== Segment start ==

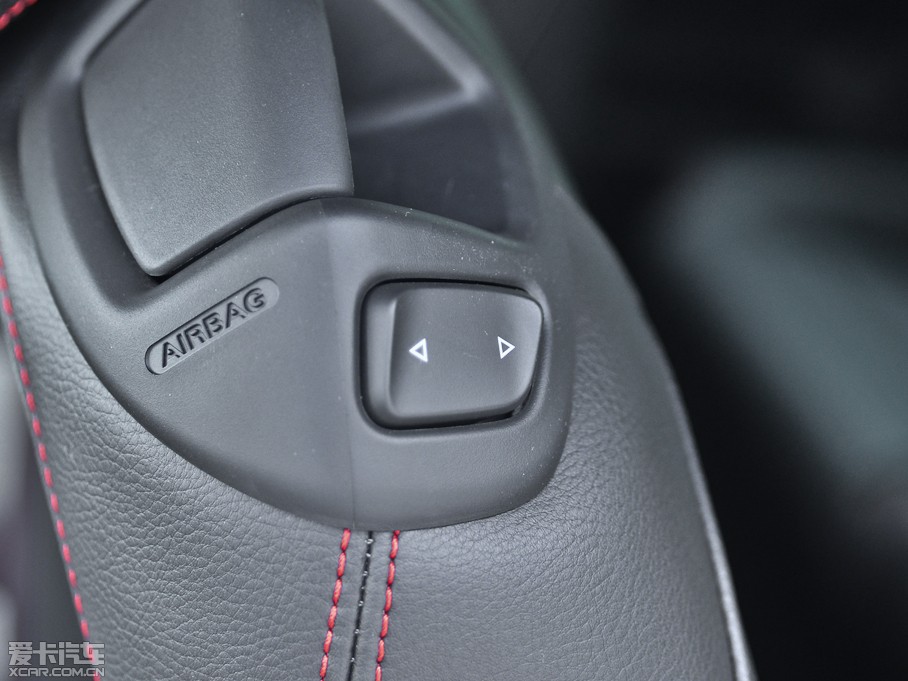 2013п 2.0TSI GTS ٰ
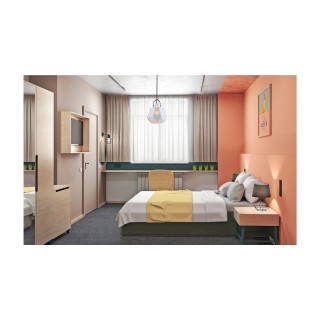 Lucia Tucci NARNI 1941.1 white-foto2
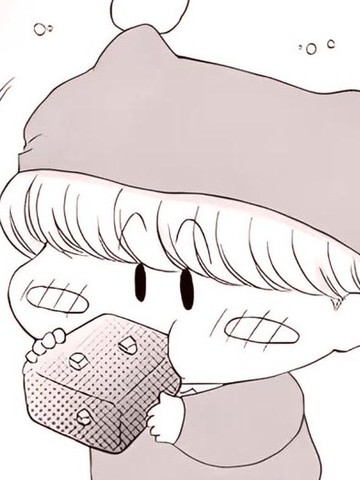 魔法咪路咪路 New～漫画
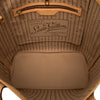 Louis Vuitton Monogram Neverfull MM Secondhand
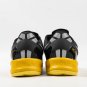 Nike Kobe 8 GC Sulfur Electric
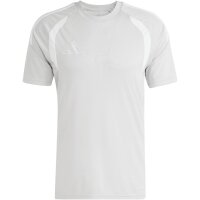 adidas Tiro 26 League Trikot Jersey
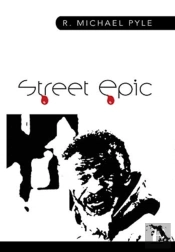 Street Epic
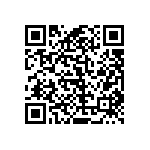 RT0805CRB0734KL QRCode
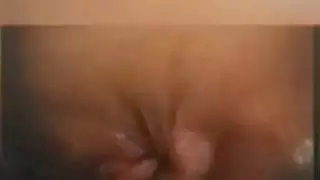 هالوين إيراني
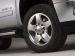 Chevrolet Silverado HD 2011 Picture #10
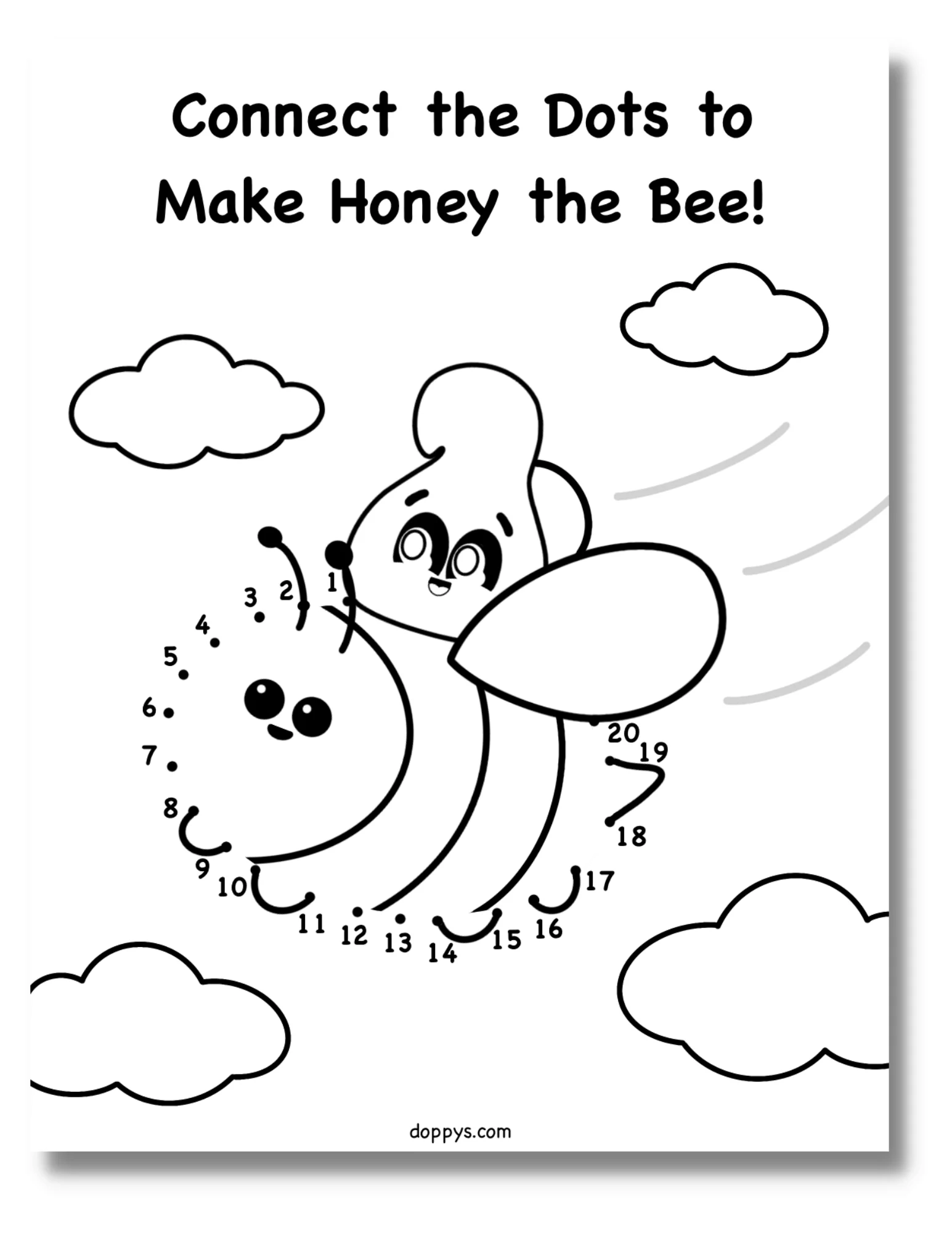 connect the dots coloring pages connect the dots coloring pages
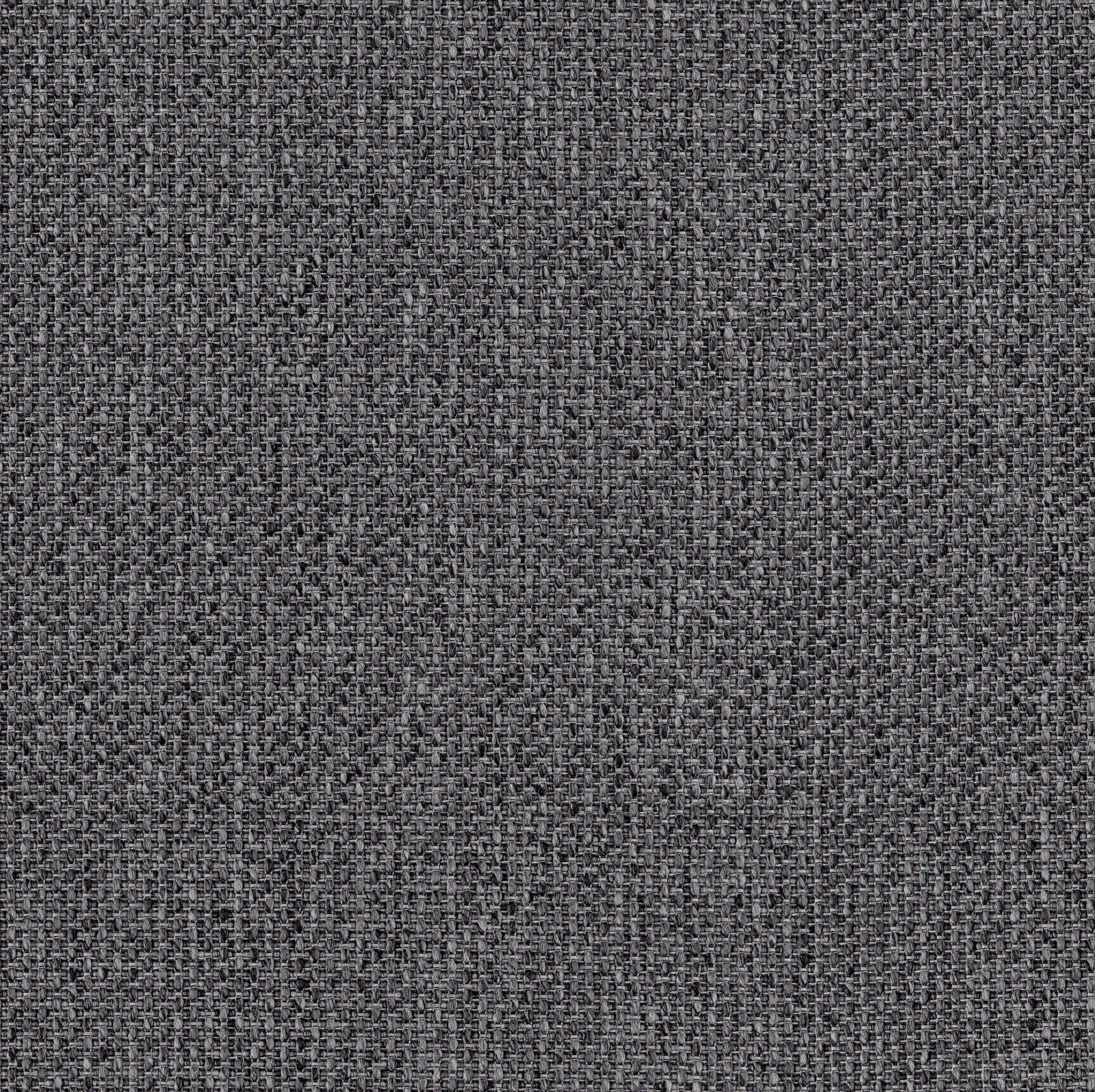 现代黑白凹凸贴图下载【ID:1164774234】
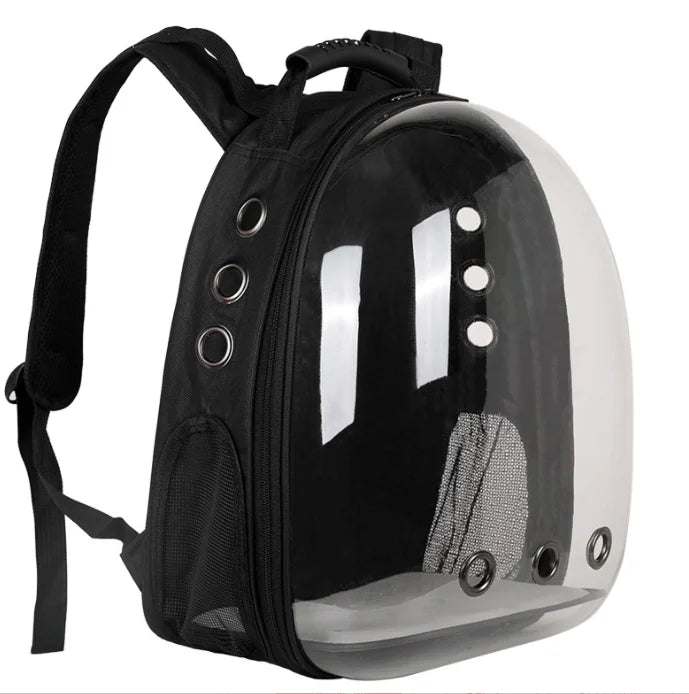 Backpack supplier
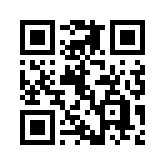 QR-Code https://ppt.cc/jgDN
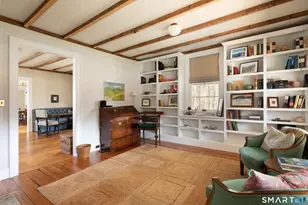 40 Music Mountain Rd, Canaan, CT 06031 - Photo 9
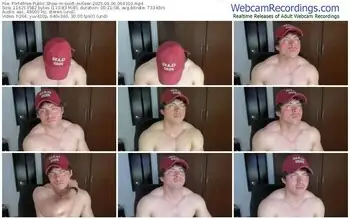 flirt4free-scott-milleer-09-06-2025-06-43-10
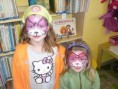/album/malovani-na-oblicej-3-2-2012/dsc00668-jpg/
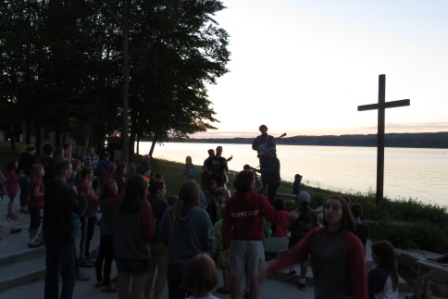 blog Portage Lake (4)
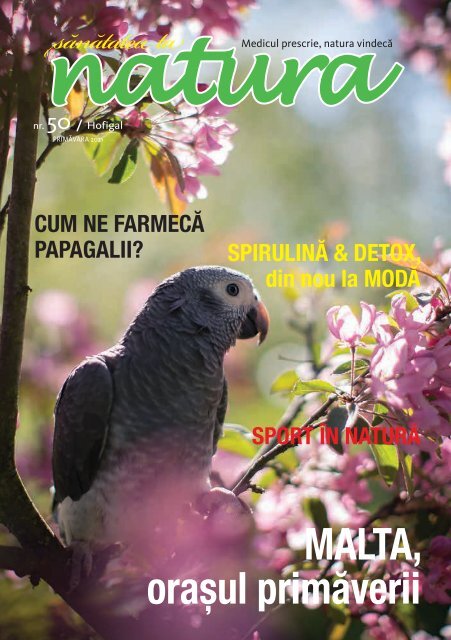 Natura_Sanatatea_ta-050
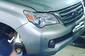СТО "МОТОР" "NISSAN-INFINITI" Servise СТО "МОТОР" "NISSAN-INFINITI" Servise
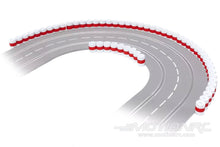 Load image into Gallery viewer, Carrera Tire Walls (6) CRE20021130
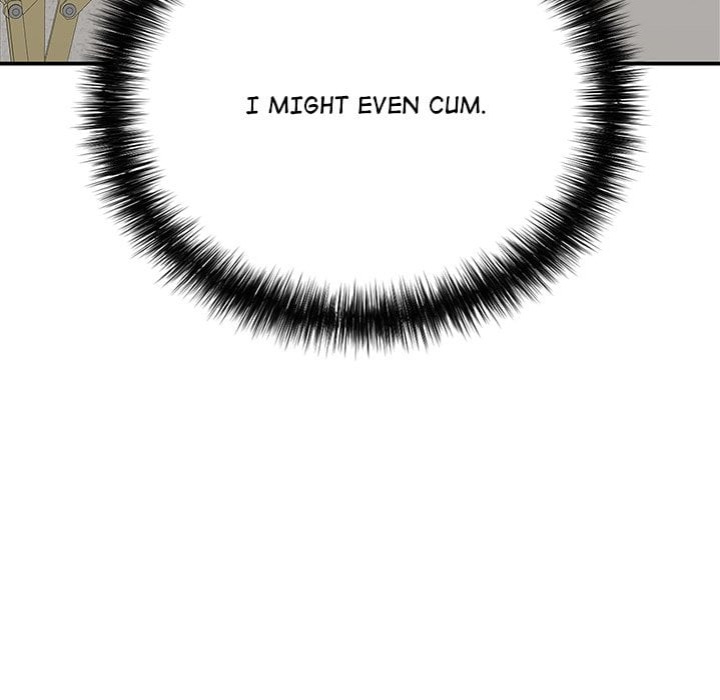 One More Time (Seokhyeon) - Chapter 25 Page 63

== Segment end ==

Task description = Transcribe exactly the lines from the one holding "blog Portage Lake (4)" through the final line of the material above, both ends included; any pictures should be dropped.

Result for this task =
 blog Portage Lake (4)
 Natura_Sanatatea_ta-050
СТО "МОТОР" "NISSAN-INFINITI" Servise СТО "МОТОР" "NISSAN-INFINITI" Servise
 Load image into Gallery viewer, Carrera Tire Walls (6) CRE20021130
 One More Time (Seokhyeon) - Chapter 25 Page 63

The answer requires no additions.